Phase 1 Due: Wednesday, Oct 1 @ 11:59 p.m.
Phase 2 Due: Wednesday, Oct 8 @ 11:59 p.m.
Your mission is to use the system call sbrk to implement your own versions of malloc and free. The exercise should make you think about memory allocation and deallocation, including defragmentation. (Relocation of virtual addresses in memory is another important memory management concept, but we will tackle that idea in class, later.)
Before you start work, you should complete a set of readings about memory:
Without looking too hard, you can also find various implementations of malloc and free online. I don't recommend doing so; you'll miss the opportunity to think through the problem, which is the point of the assignment. Also, since I know that solutions are online, you have to figure I will use software to check for similarity with various sources.

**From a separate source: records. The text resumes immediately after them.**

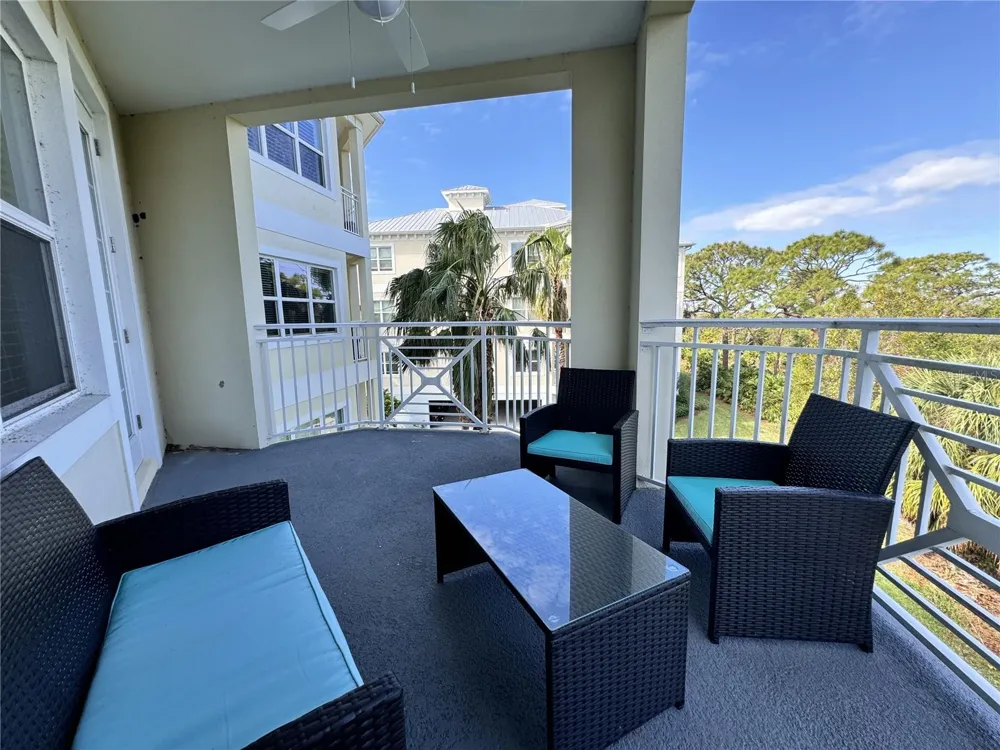 7710 34TH AVENUE W #202 Bradenton, FL 34209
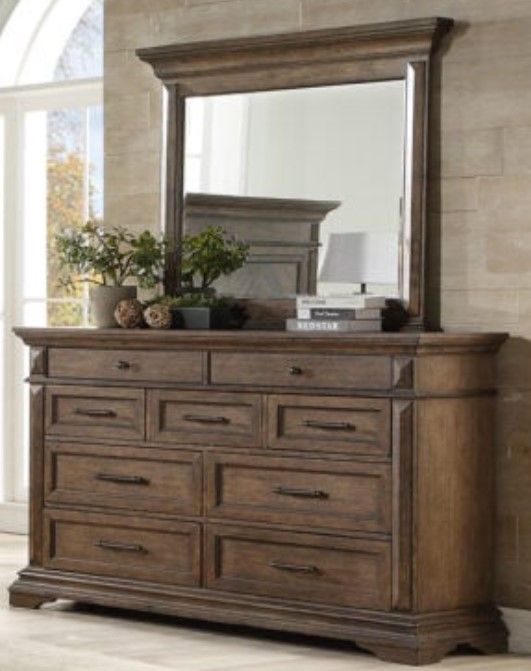 New Classic® Home Furnishings Mar Vista 4-Piece Walnut Queen Panel Bedroom Set-4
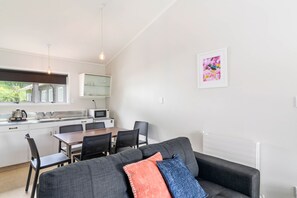 Apartamento estándar, 1 habitación | Zona de estar | Televisión de plasma de 32 pulgadas con canales digitales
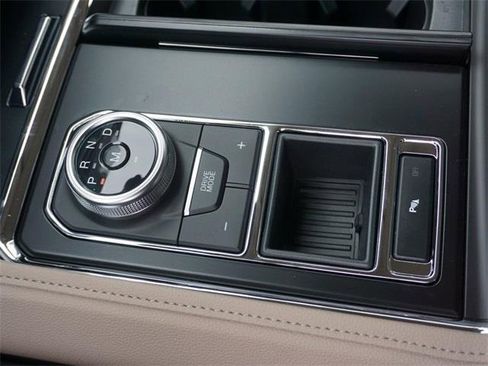 New 2024 Ford Expedition XLT image 23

Do not run your code for this exercise on cs.utm.utoronto.ca or any other shared server. If you allocate a huge amount of memory, you could decrease performance for other users. Instead, run your program on DHrrrrPCxx, where rrrr is the room number of a lab in Deerfield Hall and XX is the PC's number (from 01 to ~30). Before running your code, you may wish to use the w command to determine who is on the system and what the load on the system is. To be polite, don't slam a system that someone is using.
The starter code consists of a file that will eventually contain two memory management functions called mymalloc and myfree and a test program that demonstrates how your mymalloc and myfree functions will be invoked. Note that the test program uses pthreads, so you will need to include the pthread compilation flag. You may modify this test program for testing purposes, but we will use our own test harness, so make sure your mymemory.c works with our version of the test harness!
The test program loads "traces" which are text files containing a series of malloc and free operations to perform. Here are two example traces: a short one and a larger random trace. You will want to create additional traces for testing. In particular, consider various access patterns (mallocing large items, freeing every other malloc, and then mallocing smaller items, for example) that might cause interesting memory usage if your allocator does not allocate space nicely or coalesce it. To help you generate traces, here is a python script that generates random traces.
This assignment consists of two phases: a deadline for a functional implementation and a deadline for a more efficient (but still functional) implementation. In addition to the submission of code, each phase also contains a related written component. This rubric describes the weight of each component and outlines how each component will be evaluated.
For the first deadline, your goal is to implement a basic version of mymalloc and myfree implementations that operates in a multi-threaded environment. Your implementation should be able to allocate as much memory as sbrk will give you, to free pointers returned by the user, and to reallocate freed space. However, your implementation does not need to coalesce free space, nor do you need to spend time making your implementation more space or time efficient. In short, your submission will be evaluated on its ability to allocate significant amounts of memory, reclaim parts of it, and reallocate the freed memory.
You may find, if you decide to allocate all of memory, that your program allocates an incongruous amount of memory. Most OS implementations will happily allocate memory to you but won't necessarily actually allocate physical memory unless you write to the allocated memory. This means that you should write to every byte of memory you receive in order to guarantee that it's actually being materialized. Be very careful if you do this. Your system will begin swapping heavily, and you could crash applications that try to allocate memory. Run this kind of test on your own system only.
Once you are confident in this phase, turn it in (commit it to your repository) before moving to the next phase. In addition to your code, submit a README file (in txt or pdf format only, please) that includes two paragraphs (no more than 250 words) that describes (1) the data structures you use to track each memory allocation and (2) the algorithm you use to select which memory to allocate/reallocate.
Once you have a basic working implementation, it's time to consider optimizations. The first step is to implement coalescing of free space. (If a user frees adjacent blocks of size N and M, it should be possible to use that space to allocate a block of size up to N + M.) The second step is to consider how to reduce the space overhead required to maintain the allocation metadata. The third and final step is to reduce the time required to find the best space to allocate while simultaneously minimizing unusable space. (You should probably allocate space from the smallest available block whenever possible.)
In addition to submitting your code, update your README to include one or two paragraphs (no more than 250 words) that describes the changes you made to improve the efficiency of your malloc and free implementations. Your description should include some justification (specific use cases or traces, for example) that of the design decisions you made.
Your submission this week will be evaluated by comparing it to system malloc and the submissions of your colleagues. We will spend some time in tutorial comparing implementations, so be prepared to discuss the optimizations you've implemented -- and be aware that your implementation will be run "live" to compare its performance to other submissions. The best performing submissions (compared to others in the class) can claim a trip to Starbucks; I'll pay for the maximally-sized beverage for each winner.
Each phase of the assignment should be submitted to your svn repository by the deadline. Don't forget to commit your README (in text or pdf format). We will pull the last commit before the deadline when marking each phase.